Of course, the minute any of them made any money with their music, these guys began backpedaling and refining their exact philosophies. Black metal musicians are kings of hiding racism in other, more “philosophical” realms of thought. Oh, they’re not Nazis, they’re Quisling Isolationists, or Anticosmic Terror Worshippers, or blah blah blah. At the core of all of these ideologies usually exists a baroque phrasing of the idea that white people are superior to people of color, along with some zany theories about the Jews.

And look, the dudes in the Second Wave were all teenagers, so I’m not at all surprised if many of them have renounced those ideologies. I honestly don’t believe that a guy like Ihsahn is in any way racist, and I’m sure he and a lot of those kids only said they were at the time to get some gasps.

But just as the Black Circle took the Satanic thrashings of Venom and Celtic Frost too seriously, so have several later generations of black metal fans taken their glorification of the Nazis too seriously. And you may think they’re all just basement-dwelling nerds, and there’s some truth to that. But eventually someone’s going to get beaten to death for not being a straight white guy. So let’s stop talking our way around this problem and instead face it head-on.
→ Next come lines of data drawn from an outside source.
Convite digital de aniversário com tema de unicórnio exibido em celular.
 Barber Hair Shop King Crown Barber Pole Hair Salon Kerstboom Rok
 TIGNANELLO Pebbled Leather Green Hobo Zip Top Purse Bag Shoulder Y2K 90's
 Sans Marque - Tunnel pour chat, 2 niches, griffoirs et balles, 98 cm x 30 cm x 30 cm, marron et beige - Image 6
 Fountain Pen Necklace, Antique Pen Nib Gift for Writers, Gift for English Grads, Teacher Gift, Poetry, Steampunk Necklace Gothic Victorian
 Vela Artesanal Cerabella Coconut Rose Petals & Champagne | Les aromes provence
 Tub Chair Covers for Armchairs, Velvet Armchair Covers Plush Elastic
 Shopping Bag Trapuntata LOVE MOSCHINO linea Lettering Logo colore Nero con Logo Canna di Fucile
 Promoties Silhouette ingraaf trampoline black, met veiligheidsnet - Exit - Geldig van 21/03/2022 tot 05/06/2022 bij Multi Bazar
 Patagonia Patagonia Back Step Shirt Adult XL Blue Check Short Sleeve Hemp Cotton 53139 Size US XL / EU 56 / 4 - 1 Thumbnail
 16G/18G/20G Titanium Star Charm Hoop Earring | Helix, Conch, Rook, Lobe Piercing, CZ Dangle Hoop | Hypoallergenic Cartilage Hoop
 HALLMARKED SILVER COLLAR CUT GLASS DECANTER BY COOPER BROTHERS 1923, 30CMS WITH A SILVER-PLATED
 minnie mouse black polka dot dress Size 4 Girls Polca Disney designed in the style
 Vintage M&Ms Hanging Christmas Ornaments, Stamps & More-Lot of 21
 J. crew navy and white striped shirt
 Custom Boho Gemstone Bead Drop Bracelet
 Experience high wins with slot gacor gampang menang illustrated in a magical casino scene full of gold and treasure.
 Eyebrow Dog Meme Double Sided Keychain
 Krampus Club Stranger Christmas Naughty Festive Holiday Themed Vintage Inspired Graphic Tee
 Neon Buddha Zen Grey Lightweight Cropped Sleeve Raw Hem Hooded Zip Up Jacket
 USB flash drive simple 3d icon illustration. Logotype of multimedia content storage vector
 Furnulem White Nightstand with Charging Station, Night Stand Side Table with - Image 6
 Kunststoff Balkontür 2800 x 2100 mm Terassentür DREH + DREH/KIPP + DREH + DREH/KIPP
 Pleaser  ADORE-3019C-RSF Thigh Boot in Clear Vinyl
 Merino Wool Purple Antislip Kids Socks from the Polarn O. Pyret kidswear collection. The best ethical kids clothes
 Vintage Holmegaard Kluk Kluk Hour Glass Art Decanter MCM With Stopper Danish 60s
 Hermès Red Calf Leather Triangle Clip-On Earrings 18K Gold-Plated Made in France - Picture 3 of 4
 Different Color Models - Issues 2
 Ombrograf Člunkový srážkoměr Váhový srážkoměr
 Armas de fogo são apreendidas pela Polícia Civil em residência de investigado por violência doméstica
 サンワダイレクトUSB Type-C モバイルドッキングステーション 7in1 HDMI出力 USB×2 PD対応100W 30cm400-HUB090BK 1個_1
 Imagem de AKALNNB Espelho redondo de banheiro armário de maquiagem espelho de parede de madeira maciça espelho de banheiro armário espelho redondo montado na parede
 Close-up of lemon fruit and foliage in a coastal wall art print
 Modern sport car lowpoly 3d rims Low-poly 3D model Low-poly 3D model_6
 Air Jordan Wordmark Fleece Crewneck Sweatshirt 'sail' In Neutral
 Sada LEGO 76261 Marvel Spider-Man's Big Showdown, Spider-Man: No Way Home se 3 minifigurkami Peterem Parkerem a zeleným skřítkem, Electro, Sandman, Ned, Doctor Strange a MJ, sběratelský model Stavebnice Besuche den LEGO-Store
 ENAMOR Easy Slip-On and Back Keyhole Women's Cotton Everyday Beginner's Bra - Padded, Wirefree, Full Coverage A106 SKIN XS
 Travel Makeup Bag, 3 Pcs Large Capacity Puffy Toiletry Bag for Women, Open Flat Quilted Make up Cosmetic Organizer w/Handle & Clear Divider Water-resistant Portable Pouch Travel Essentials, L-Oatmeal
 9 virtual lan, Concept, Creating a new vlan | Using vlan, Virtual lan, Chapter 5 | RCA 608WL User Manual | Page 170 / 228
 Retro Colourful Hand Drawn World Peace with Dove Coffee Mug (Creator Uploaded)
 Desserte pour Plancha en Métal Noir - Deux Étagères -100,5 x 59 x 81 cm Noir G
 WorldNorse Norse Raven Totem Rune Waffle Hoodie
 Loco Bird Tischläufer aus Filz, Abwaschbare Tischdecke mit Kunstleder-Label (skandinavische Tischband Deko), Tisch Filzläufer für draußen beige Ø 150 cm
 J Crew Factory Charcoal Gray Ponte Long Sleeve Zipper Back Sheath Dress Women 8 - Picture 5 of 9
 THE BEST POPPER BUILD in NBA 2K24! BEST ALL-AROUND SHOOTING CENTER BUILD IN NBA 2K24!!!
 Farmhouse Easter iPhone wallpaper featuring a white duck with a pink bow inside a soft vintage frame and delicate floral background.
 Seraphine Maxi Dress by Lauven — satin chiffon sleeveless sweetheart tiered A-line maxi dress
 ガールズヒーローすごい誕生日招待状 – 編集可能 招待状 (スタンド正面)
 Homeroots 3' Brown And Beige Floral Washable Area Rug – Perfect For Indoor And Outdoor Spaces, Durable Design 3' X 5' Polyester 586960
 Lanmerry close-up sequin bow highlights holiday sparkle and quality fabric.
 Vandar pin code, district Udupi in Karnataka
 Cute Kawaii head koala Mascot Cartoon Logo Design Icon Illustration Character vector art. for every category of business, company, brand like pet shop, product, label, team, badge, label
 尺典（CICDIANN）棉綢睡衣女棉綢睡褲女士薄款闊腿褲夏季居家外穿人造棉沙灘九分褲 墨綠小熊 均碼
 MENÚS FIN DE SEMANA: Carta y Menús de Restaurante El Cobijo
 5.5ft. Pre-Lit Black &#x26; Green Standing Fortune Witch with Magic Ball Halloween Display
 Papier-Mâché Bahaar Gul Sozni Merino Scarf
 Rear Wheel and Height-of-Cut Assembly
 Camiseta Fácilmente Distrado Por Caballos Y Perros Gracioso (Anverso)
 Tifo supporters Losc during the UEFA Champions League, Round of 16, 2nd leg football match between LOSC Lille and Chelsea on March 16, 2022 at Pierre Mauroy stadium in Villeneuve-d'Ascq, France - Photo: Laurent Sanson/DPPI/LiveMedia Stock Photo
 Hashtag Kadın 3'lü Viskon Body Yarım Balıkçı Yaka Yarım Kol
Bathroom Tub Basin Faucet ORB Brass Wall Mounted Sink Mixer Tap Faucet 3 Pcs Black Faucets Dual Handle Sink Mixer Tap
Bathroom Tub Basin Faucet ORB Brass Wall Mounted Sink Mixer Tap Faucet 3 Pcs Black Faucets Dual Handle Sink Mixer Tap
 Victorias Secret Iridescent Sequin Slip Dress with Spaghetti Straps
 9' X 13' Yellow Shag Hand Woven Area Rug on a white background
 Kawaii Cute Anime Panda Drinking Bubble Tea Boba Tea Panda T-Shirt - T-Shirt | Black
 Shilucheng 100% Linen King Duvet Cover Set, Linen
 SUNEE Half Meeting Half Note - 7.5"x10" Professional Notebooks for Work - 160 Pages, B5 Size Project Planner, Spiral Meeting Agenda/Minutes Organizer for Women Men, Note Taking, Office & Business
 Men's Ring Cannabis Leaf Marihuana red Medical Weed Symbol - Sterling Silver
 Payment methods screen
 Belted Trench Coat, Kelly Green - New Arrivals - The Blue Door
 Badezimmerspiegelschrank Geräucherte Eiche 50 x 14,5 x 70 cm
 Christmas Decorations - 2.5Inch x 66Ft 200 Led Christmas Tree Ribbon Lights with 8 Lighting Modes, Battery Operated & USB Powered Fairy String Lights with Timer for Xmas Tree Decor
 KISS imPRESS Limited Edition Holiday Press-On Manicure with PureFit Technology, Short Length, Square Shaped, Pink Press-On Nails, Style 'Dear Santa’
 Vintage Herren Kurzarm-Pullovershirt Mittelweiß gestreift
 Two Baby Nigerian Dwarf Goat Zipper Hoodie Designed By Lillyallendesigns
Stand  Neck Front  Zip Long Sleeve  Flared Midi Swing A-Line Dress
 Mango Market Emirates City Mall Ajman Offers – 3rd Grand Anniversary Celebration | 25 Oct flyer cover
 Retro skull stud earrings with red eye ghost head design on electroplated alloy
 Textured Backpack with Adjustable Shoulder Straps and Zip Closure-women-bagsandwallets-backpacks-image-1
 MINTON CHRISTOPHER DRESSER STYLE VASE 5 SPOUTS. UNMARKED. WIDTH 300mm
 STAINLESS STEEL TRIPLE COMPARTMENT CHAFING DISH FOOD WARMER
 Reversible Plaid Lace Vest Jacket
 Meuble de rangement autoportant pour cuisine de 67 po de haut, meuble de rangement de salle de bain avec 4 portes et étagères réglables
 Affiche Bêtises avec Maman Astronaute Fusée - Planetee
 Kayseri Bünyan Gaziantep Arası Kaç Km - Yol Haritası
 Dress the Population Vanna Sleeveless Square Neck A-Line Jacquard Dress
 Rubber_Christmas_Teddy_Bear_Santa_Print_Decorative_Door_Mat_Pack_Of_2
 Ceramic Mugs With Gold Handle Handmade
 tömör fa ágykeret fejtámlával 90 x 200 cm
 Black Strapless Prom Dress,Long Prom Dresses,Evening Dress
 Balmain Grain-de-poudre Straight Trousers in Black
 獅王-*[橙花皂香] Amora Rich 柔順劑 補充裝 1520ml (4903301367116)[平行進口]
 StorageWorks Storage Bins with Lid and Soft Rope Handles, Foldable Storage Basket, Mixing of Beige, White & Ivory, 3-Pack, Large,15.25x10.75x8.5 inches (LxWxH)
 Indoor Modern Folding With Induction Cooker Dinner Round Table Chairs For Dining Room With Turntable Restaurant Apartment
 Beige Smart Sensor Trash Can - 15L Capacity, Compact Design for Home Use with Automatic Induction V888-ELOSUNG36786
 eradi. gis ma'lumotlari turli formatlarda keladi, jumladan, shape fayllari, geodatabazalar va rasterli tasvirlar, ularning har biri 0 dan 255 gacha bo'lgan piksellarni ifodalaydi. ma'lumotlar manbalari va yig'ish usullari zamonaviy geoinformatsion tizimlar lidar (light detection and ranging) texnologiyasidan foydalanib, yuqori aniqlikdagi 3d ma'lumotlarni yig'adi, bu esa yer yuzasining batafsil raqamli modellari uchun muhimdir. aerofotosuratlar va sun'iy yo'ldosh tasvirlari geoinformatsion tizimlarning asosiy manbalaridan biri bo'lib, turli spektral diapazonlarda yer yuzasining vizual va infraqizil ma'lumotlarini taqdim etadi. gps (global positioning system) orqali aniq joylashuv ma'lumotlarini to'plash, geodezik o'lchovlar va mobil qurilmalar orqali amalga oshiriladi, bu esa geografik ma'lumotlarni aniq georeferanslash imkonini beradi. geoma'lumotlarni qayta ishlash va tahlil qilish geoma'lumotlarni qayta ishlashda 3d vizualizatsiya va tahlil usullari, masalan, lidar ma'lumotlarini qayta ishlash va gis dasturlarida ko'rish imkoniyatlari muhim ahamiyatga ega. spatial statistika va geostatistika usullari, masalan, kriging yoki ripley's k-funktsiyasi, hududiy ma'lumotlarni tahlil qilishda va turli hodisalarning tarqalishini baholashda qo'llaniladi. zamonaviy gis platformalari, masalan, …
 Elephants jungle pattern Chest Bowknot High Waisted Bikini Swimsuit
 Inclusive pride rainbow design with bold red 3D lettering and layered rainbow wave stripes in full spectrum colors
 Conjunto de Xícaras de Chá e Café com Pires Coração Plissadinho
Obviously, black metal has gotten way better than all that, and most of the artists championing the genre right now are open-minded and decent. Bands like Wolves in the Throne Room, Immortal, Uada, Aosoth, Carach Angren, Krallice, Ash Borer, Mutilation Rites, and The Howling Wind have made plenty of varied and interesting black metal that is not laden with racism or Nazi imagery.

But that doesn’t cancel out black metal’s underbelly, which keeps showing up among the ranks of prominent money-makers within the scene. And honestly, if it was revealed that members of any of the bands listed above were racists, I would be less surprised than if a member of, say, Gama Bomb or Battle Beast was.

A while ago, I wrote a piece about how in my nerdy mind, there are Nazis in hell, which is why black metal bands “just trying to be evil” used Nazi imagery. It was a blatant attempt on my part to explain how I can both be an open-minded liberal and still like bands who use some pretty face-forward Nazi imagery. But the more I think about it, the more I realize I was naïve. I was that “But The Riffs” guy, using my comic book-fed imagination to try and wish away something that sat poorly in my gut.

Black metal is awesome, and should be for everyone, but it has a racism problem at its roots. Don’t act shocked, because you knew that already. Acting like you didn’t adds to the problem. Hopefully, that bigotry will be slowly worked out of the scene over time. For now, though, we can acknowledge it, act a little less defensive every time some “legend” in corpse paint confirms the ideologies they’ve been quietly hinting at for years, and focus on those creeping songs about Satan made by people who aren’t assholes.